Not really. I think wisely before deciding someone is a dreamie. Every dreamie I've ever had, were loved and well taken cared of. Most have stayed longer than others, obviously. The only dreamie I've had that has been there since day one, and always will be is Deirdre. She was my first dreamie, and will forever be my BFF! Every other dreamie, is loved loads and then eventually set free.


----------



## spelling88 (Feb 10, 2015)

i paid 400k for francine and now i can't wait to get her out ;_; she just creeps me out and is kind of mean too


----------



## Viixen (Feb 11, 2015)

Ankha unfortunately.
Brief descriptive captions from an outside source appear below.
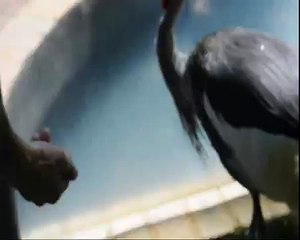 Grou-coroado (Balearica pavonina) .comendo e alimentando seu filhote com Tenebrio G (Zophobas morio)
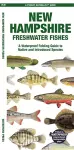 New Hampshire Freshwater Fishes cover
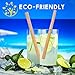 BAMBOO STRAWS REUSABLE Drinking Straw 10 Straws (19.5cm) ZONE - 365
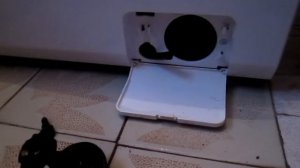 Не отжимает стиральная машина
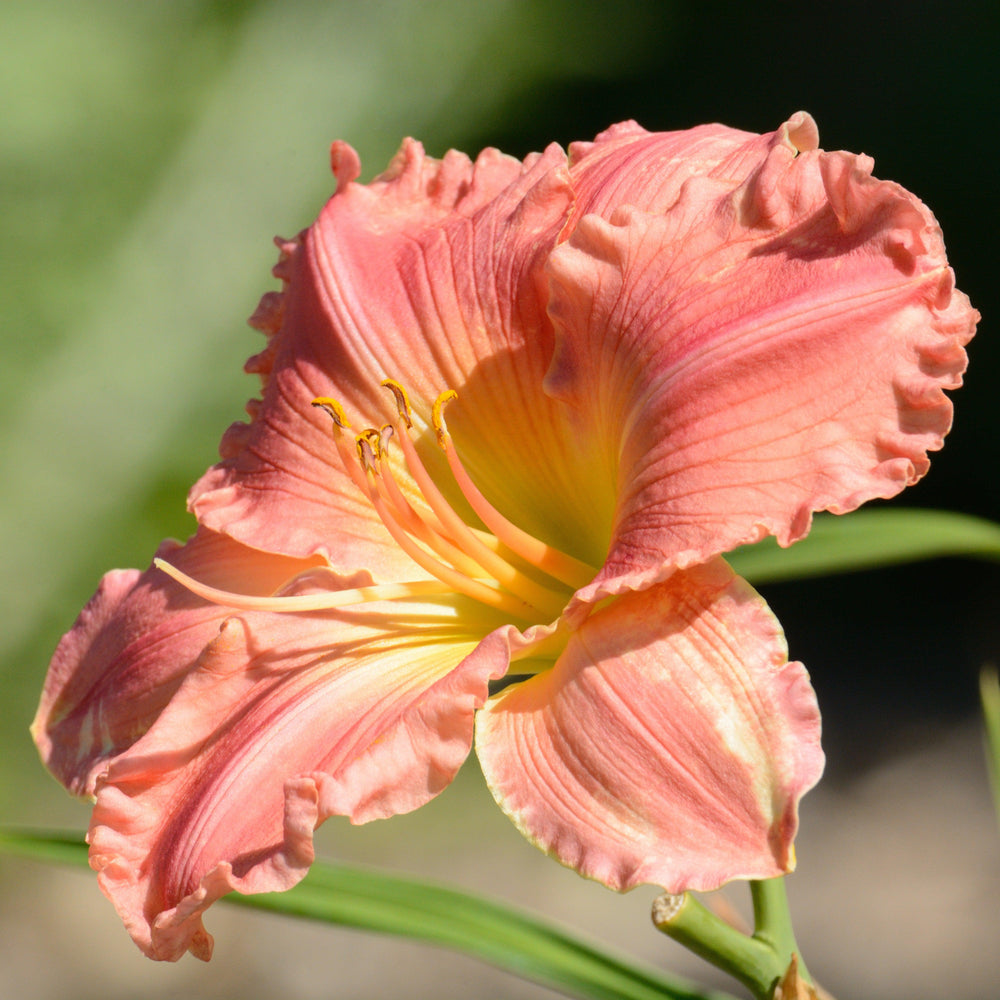 Hemerocallis fulva 'DHEMCORAL' ~ Monrovia® Endlesslily® Coral Daylily-ServeScape
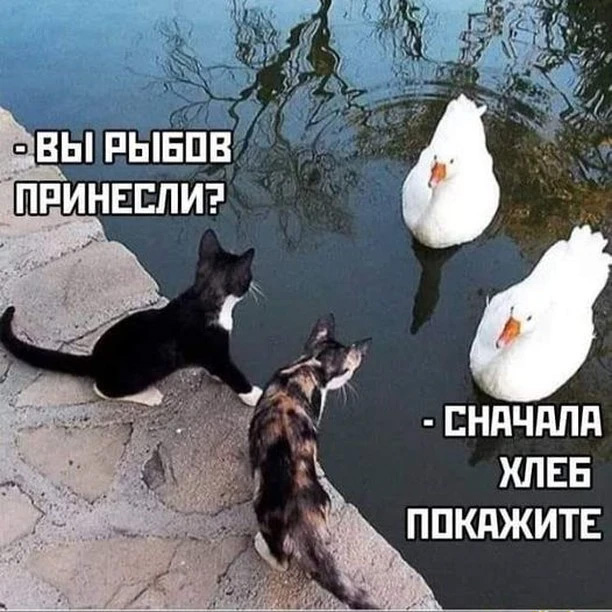 Охотник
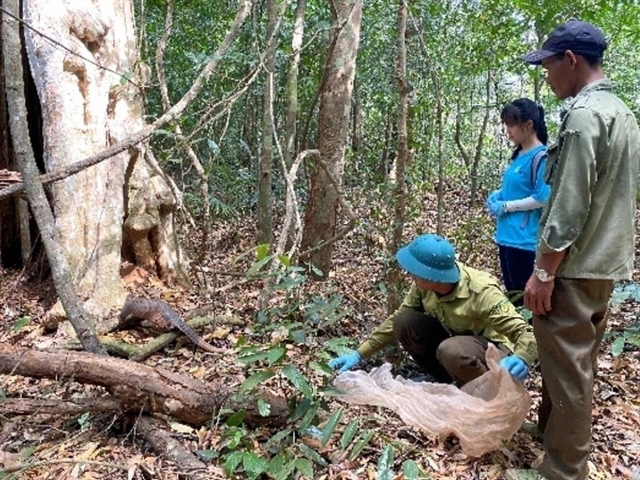 Endangered animals returned to nature in Bình Phước Province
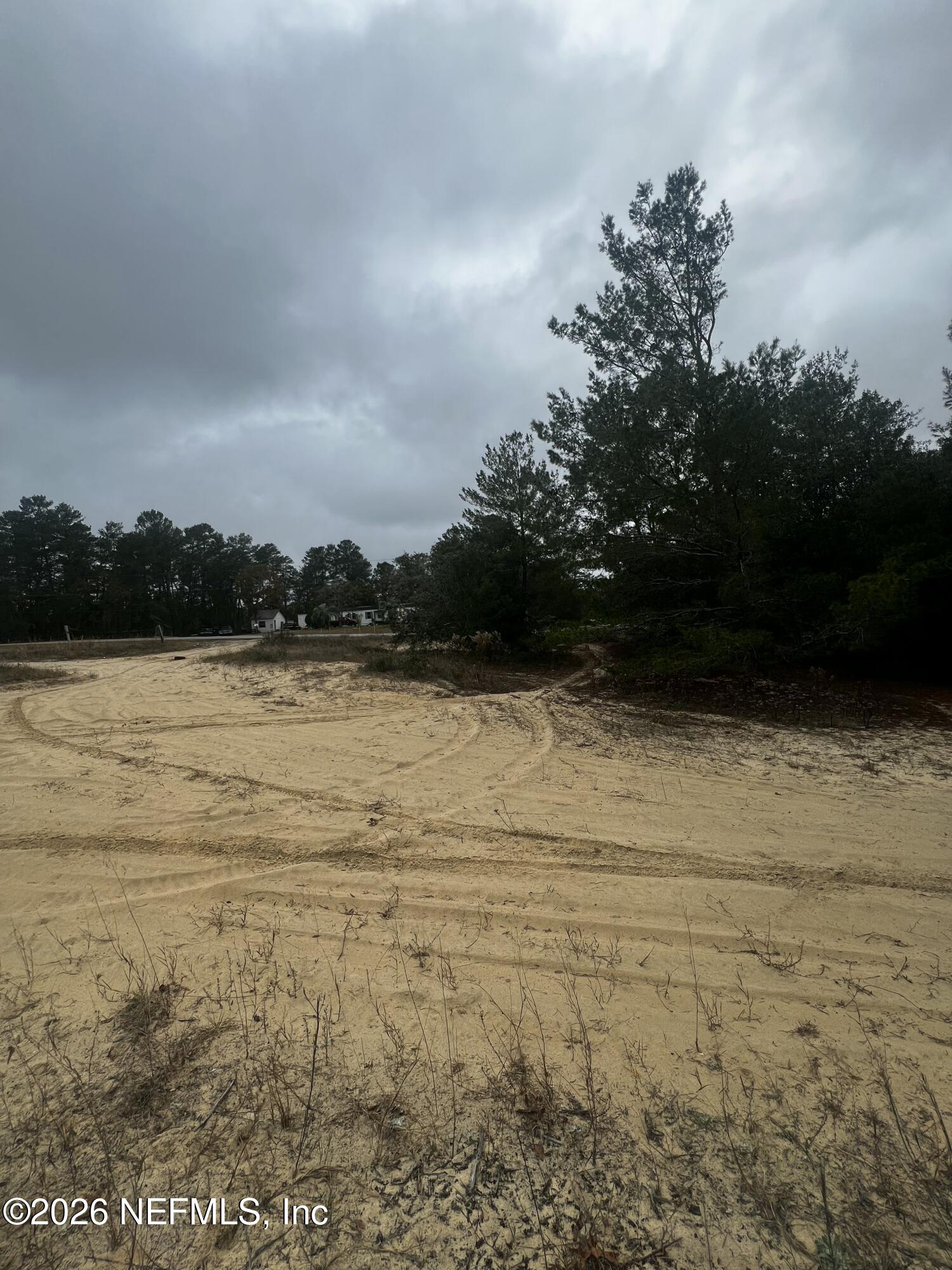 226 Ridge Road Satsuma, FL 32189 - Photo 13 of 61 IMG_0907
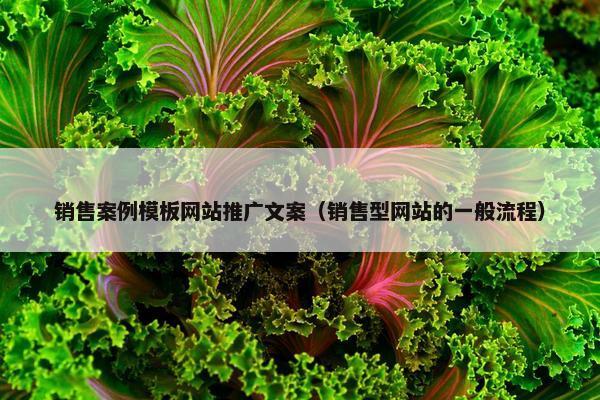 销售案例模板网站推广文案（销售型网站的一般流程）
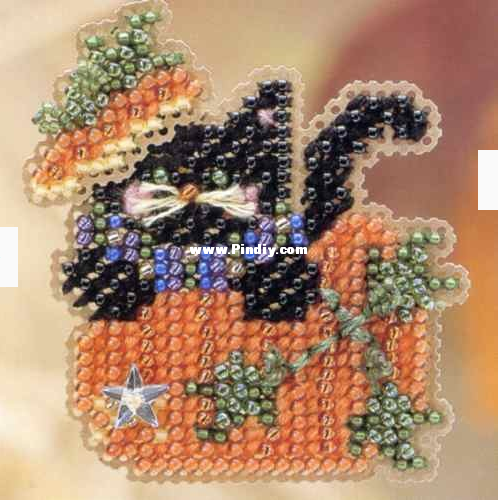 MH4H63 Black Kitty Magic.jpg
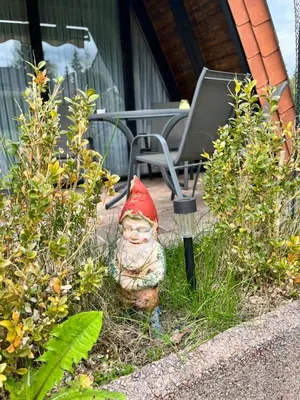Ein Garten an der Unterkunft Gemütliches Ferienhaus mit sonniger Terrasse Frankenwald nähe Badesee Smart-TV
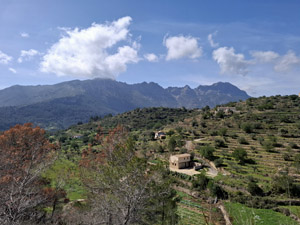 Views towards Bernia with countryside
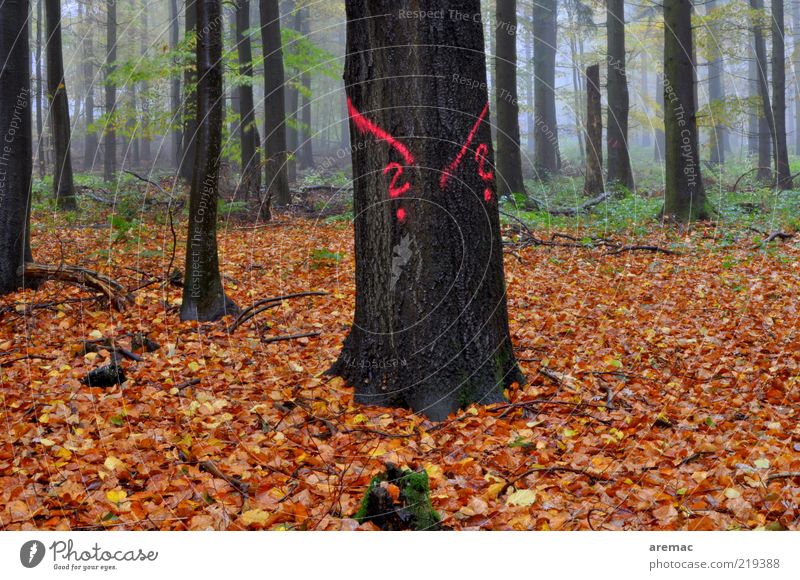 Ratlos im Wald Natur Landschaft Pflanze Herbst schlechtes Wetter Nebel Regen Baum Blatt Holz Zeichen alt dunkel braun Laubbaum Laubwald Farbfoto mehrfarbig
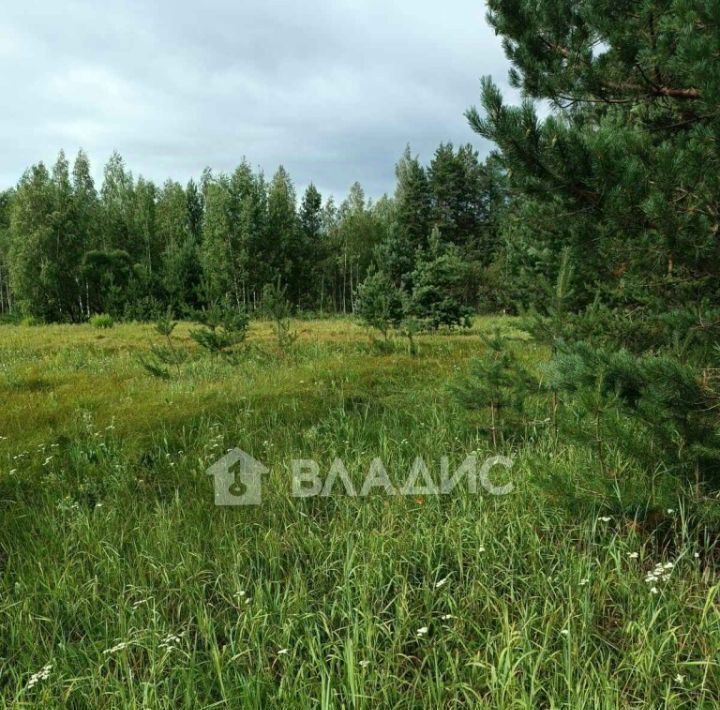 земля р-н Судогодский д Аксеново Лавровское муниципальное образование фото 3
She's incredibly dull.


----------



## Candy_Rose (Feb 11, 2015)

spelling88 said:


> i paid 400k for francine and now i can't wait to get her out ;_; she just creeps me out and is kind of mean too



I would love to have Francine in my town!  Though my town has 10 villagers in it, and nobody seems keen on moving right now.  

I have Chrissy and my dream is to have both of them in the same town <3


As for myself, I spent SO MUCH TIME trying to convince Anabelle to move in my town from the igloo, only for me to not really "click" with her at all....It's rather sad and I know that when she pings to move, I'm not going to stop her...


----------



## creme (Feb 11, 2015)

lolly and genji tbh


----------



## lykkelille (Feb 11, 2015)

I have to say Merengue. Ended up ignoring her and giving her away to a better home


----------



## BlueWolf101 (Feb 11, 2015)

I'm going to agree with all the other people who say Ankha. She's boring and that constant frown doesn't work as well for her as it does for Marshal.


----------



## dr4gonite (Feb 12, 2015)

I always really wanted Bob, but then when I got him I wasn't so keen. I don't dislike him, he's just not a dreamie anymore.


----------



## Chibiusa (Feb 12, 2015)

I wanted Tia for a while but when I got her, I didn't really want her in my town anymore. Just didn't connect/care for her all that much.


----------



## Ray-ACP (Feb 14, 2015)

I'm not so sure as kody now that I have him, and considering Bam says IDENTICAL things to him because of the same personality its liek i'm talking to the same animal lol i literally received the same letter from them both at the same time


----------



## Mioki (Feb 16, 2015)

I have yet to get Deirdre, but I'm worried I won't like her much. Uchis and Jocks are ehhhh to me. I want to make a second town someday and move her over to it with Beau.


----------



## infinikitten (Feb 17, 2015)

A few of mine were higher-tier villagers that just didn't live up to the hype for me, now that I think about it...


----------



## Mayor Jannely (Feb 18, 2015)

Happened to me with Lucky a while back. Since I had Beau before him, Lucky's speech got drawn out over time and I would've moved him out too if he wasn't in the perfect spot.


----------



## goey0614 (Feb 18, 2015)

Henry, I thought I'll like him,but not as much as my other villagers, I guess it's because of his personality :X


----------



## MayorErin (Feb 18, 2015)

i got bored with marina and sold her. never really clicked. same with skye, but it was because i already had like four normal villagers. skye is adorable nonetheless, but i did trade her off.


----------